#### Your objective:
In the records below, find the line that contains "In Queens NY, Best" and the line that contains "Porsche Macan Standard - 20". Set down exactly those lines and every line between them, and nothing more.
── Provided information
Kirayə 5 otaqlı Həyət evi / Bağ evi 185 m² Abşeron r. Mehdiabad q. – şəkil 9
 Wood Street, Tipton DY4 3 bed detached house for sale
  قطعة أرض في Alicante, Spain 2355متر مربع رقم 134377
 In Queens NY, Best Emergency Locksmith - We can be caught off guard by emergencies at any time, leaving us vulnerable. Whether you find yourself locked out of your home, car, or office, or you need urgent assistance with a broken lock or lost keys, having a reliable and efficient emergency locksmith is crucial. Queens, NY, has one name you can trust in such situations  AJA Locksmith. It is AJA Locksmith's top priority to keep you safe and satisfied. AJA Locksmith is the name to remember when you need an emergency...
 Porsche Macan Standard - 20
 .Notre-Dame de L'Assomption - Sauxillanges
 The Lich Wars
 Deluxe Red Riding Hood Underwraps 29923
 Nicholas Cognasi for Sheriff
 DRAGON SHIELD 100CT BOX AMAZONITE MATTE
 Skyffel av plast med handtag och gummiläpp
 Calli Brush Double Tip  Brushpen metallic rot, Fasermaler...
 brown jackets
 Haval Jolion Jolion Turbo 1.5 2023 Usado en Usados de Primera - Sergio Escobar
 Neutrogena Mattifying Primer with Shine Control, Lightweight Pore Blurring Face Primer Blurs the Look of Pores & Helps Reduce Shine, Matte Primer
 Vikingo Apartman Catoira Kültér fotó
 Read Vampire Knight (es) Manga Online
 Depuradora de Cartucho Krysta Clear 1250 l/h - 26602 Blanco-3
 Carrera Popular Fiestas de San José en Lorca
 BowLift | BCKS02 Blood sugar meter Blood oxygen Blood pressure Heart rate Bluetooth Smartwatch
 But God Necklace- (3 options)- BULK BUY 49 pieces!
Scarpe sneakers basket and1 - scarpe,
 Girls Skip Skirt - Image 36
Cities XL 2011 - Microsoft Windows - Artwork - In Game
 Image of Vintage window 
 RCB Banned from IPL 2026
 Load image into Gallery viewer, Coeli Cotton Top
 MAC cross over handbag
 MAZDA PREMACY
────
#### Task solution:
 In Queens NY, Best Emergency Locksmith - We can be caught off guard by emergencies at any time, leaving us vulnerable. Whether you find yourself locked out of your home, car, or office, or you need urgent assistance with a broken lock or lost keys, having a reliable and efficient emergency locksmith is crucial. Queens, NY, has one name you can trust in such situations  AJA Locksmith. It is AJA Locksmith's top priority to keep you safe and satisfied. AJA Locksmith is the name to remember when you need an emergency...
 Porsche Macan Standard - 20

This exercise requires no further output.